Malek Boutih, membre du Parti socialiste : « Chez nous, c’est « Good Bye Lénine » ! »

[LE MONDE | 25.06.07 ]

Aucune personnalité issue de la diversité n’a émergé au PS à la faveur des élections. Comment expliquez-vous cet échec ?

Il existe un consensus de façade alors que cette question n’est pas pensée au PS – comme beaucoup d’autres d’ailleurs. Ma conclusion, à travers mon expérience d’ancien président de SOS-Racisme et à la direction du PS, c’est que tout ce qui a trait à la société dans laquelle nous vivons, la violence, le travail, le droit à l’émancipation sociale, l’identité, le parti n’a pas voulu les regarder en face. Il n’y a jamais eu de débat politique sur la diversité. Il s’agit à chaque fois de passer entre les gouttes, d’avoir quelques candidats sans déséquilibrer les enjeux de courants.

Vous étiez chargé des questions de société au PS. Pourquoi n’avez-vous pas porté ce débat ?

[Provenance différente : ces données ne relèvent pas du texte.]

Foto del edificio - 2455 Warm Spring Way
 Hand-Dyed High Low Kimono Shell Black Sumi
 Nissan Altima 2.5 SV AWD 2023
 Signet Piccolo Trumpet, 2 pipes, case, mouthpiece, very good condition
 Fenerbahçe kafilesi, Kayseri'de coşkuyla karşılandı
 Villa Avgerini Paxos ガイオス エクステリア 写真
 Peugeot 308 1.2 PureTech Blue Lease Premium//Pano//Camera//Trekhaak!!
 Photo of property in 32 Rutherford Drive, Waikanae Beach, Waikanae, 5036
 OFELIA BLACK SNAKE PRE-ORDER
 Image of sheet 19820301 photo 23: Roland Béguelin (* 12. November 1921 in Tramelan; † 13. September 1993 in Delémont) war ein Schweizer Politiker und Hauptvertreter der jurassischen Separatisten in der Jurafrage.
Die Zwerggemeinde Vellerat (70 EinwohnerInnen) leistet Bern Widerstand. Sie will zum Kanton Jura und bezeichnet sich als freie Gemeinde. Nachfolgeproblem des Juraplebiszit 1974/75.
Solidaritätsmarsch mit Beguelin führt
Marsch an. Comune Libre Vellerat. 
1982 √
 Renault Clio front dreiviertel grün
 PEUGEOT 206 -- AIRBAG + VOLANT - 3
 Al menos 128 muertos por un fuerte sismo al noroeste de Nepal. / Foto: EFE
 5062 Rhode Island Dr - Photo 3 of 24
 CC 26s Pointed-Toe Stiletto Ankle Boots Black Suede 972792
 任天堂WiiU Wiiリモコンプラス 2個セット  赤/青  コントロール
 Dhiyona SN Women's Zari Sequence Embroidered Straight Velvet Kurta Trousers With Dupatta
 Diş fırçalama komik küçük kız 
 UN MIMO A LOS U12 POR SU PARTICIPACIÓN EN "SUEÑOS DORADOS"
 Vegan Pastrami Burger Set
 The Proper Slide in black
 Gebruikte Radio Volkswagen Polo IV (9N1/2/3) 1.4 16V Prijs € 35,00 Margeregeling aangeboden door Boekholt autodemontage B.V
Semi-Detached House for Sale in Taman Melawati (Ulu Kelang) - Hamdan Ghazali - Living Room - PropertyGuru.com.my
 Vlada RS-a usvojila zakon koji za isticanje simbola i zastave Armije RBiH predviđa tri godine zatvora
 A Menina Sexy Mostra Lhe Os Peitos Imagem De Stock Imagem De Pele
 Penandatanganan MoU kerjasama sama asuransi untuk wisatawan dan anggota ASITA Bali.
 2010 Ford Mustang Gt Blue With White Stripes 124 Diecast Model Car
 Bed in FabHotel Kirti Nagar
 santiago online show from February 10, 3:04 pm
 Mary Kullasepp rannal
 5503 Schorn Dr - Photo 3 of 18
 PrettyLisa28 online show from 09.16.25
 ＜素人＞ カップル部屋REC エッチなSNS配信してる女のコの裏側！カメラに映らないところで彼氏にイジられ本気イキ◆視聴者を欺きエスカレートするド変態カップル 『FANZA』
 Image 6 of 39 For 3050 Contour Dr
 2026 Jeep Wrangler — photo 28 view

A la demande du bureau national, j’ai proposé un rapport sur l’immigration. Je l’ai remis à François Hollande. La première chose qu’il a faite c’est de le cacher et de prier pour qu’on n’en parle pas. Quand il a quand même émergé, il s’est empressé d’éteindre tout débat de fond en obtenant, il faut bien le dire, un certain consensus. La diversité ne se réduit pas à l’immigration, certes. Mais j’ai compris que des dirigeants du PS forment un cénacle qui n’aime pas la société telle qu’elle est, qui ne s’y projette pas et qui garde la mélancolie des années 1970. Chez nous, c’est Good Bye Lénine !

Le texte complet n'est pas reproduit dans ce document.